[Records from a dataset]

╭──

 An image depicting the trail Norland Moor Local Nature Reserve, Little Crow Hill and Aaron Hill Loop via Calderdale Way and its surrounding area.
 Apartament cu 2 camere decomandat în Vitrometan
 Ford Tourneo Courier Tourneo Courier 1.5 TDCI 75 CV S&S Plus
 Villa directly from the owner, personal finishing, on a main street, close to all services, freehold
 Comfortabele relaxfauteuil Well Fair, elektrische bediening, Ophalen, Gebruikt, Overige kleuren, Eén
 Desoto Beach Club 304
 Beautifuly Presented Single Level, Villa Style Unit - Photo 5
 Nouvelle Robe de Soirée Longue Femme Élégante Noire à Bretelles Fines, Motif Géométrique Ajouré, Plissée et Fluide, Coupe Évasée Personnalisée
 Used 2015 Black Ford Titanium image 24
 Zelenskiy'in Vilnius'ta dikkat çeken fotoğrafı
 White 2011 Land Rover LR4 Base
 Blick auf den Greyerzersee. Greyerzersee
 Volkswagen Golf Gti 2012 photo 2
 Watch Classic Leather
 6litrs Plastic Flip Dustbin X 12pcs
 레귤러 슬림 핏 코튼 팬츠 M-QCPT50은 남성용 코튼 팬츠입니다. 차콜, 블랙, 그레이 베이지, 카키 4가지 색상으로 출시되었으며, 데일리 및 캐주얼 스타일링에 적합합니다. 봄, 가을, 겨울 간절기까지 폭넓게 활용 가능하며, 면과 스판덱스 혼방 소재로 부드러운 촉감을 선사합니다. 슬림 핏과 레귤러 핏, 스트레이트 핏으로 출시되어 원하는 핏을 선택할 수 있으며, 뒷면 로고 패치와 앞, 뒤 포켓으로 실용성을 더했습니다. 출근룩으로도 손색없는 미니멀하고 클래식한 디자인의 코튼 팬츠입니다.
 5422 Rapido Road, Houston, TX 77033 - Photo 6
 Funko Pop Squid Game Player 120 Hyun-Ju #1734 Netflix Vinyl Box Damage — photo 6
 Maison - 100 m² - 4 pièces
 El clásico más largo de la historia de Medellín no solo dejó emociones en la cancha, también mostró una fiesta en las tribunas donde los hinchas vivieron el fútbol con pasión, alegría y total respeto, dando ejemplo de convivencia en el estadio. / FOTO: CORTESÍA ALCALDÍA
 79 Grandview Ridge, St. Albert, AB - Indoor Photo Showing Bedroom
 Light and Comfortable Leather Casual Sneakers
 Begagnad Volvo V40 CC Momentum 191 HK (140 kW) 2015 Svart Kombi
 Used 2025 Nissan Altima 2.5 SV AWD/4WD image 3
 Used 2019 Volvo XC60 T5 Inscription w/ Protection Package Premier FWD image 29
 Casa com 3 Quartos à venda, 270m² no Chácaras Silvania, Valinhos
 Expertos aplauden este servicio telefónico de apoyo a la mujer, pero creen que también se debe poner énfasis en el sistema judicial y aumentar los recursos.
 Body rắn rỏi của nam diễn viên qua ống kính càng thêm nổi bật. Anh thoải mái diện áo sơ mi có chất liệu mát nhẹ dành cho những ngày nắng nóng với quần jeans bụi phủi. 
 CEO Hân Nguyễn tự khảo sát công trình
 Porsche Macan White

╰──

The answer should be nothing but the number of lines in this data that include "Ford".

2